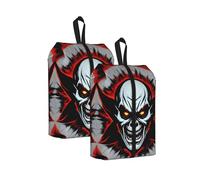 Red and Black Evil Ghost Water Resistant Travel Shoe Bag with Handle for Suitcase Sneakers Boots Gym 2PCS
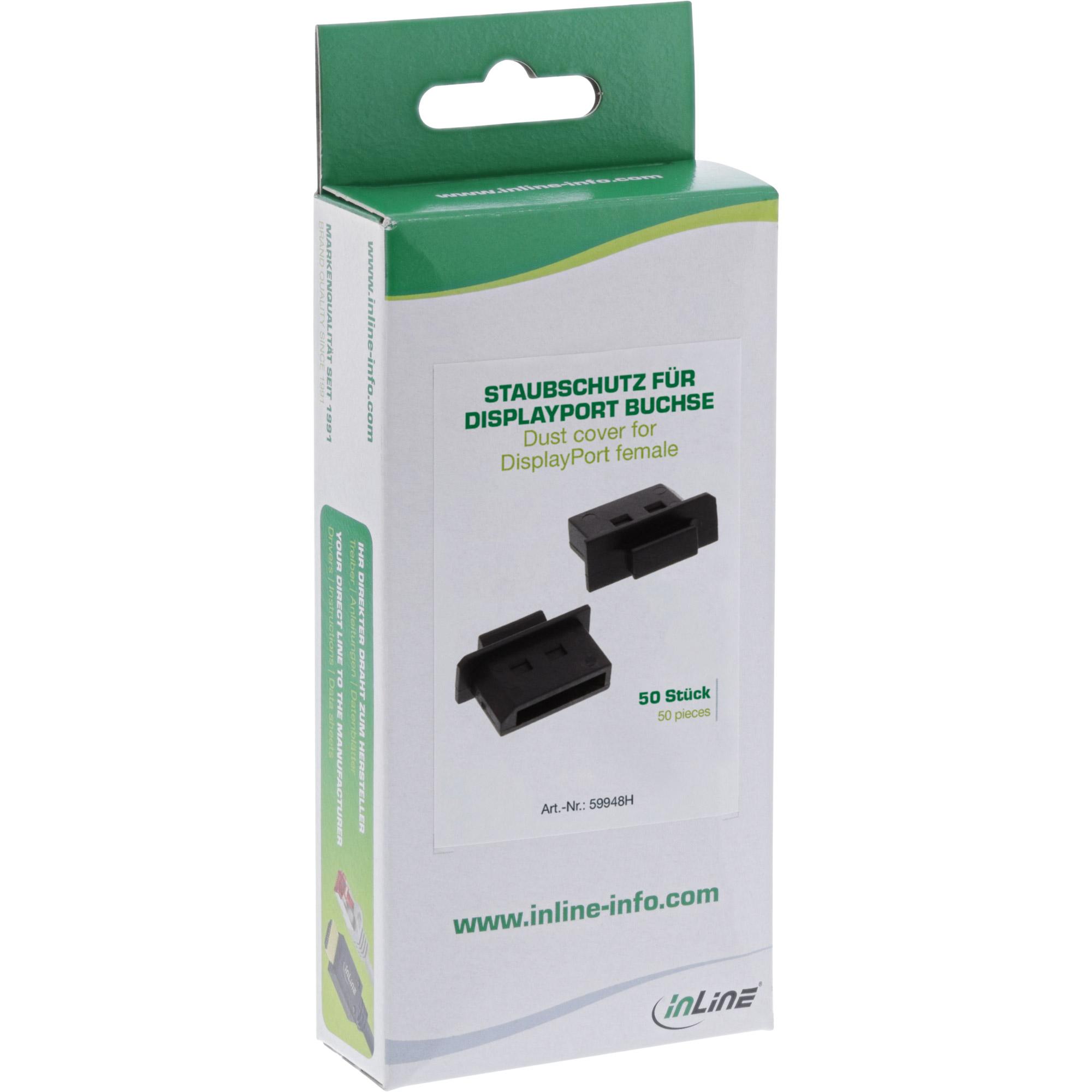 Copertura antipolvere InLine per presa DisplayPort - Copertura antipolvere - Nera (confezione da 50) (59948H)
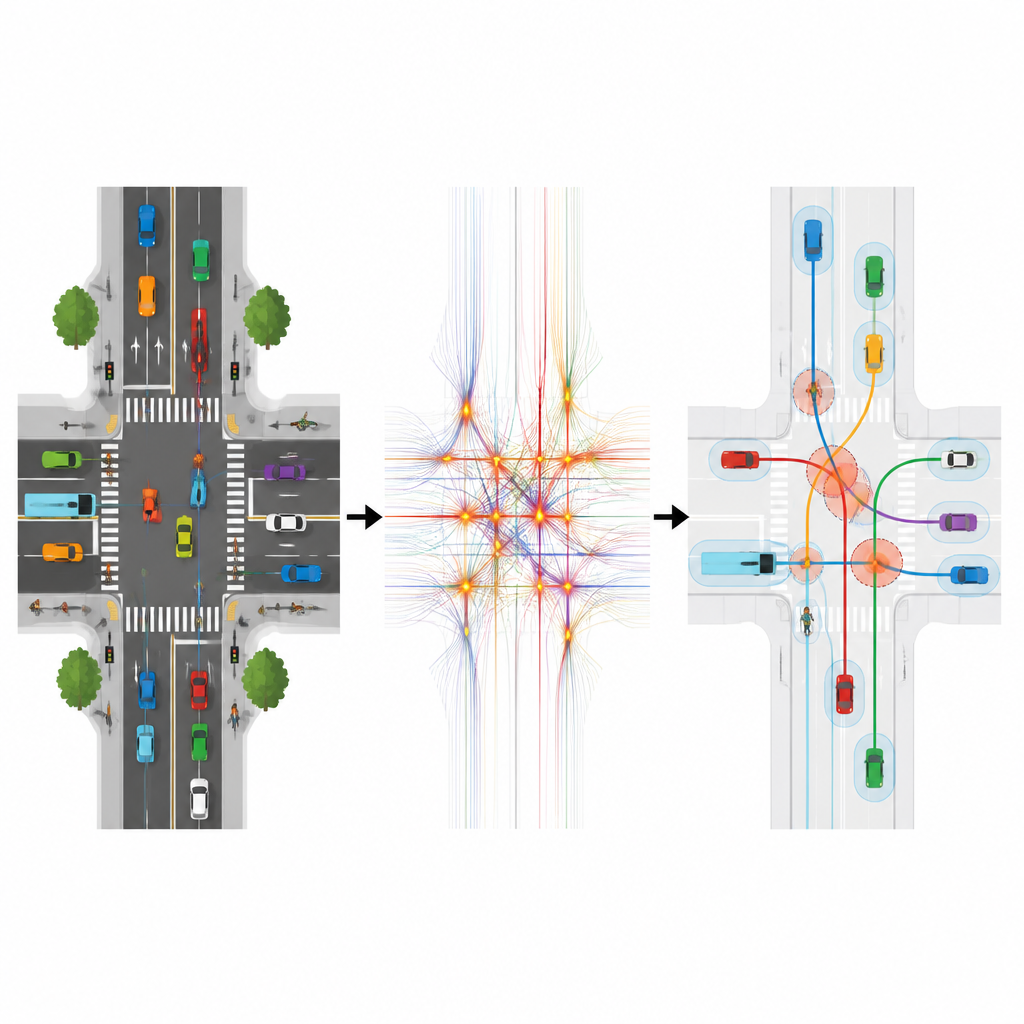 Figure 2. Detailreiche Bewegungsbahnen an einer Kreuzung legen Cluster von Beinaheunfällen offen und zeigen, wie riskante Interaktionen identifiziert werden.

(WORK TO COMPLETE):
Output all the material verbatim, skipping every image.

(REPLY TO THE EXERCISE):
 Red and Black Evil Ghost Water Resistant Travel Shoe Bag with Handle for Suitcase Sneakers Boots Gym 2PCS
 Copertura antipolvere InLine per presa DisplayPort - Copertura antipolvere - Nera (confezione da 50) (59948H)
 Figure 2. Detailreiche Bewegungsbahnen an einer Kreuzung legen Cluster von Beinaheunfällen offen und zeigen, wie riskante Interaktionen identifiziert werden.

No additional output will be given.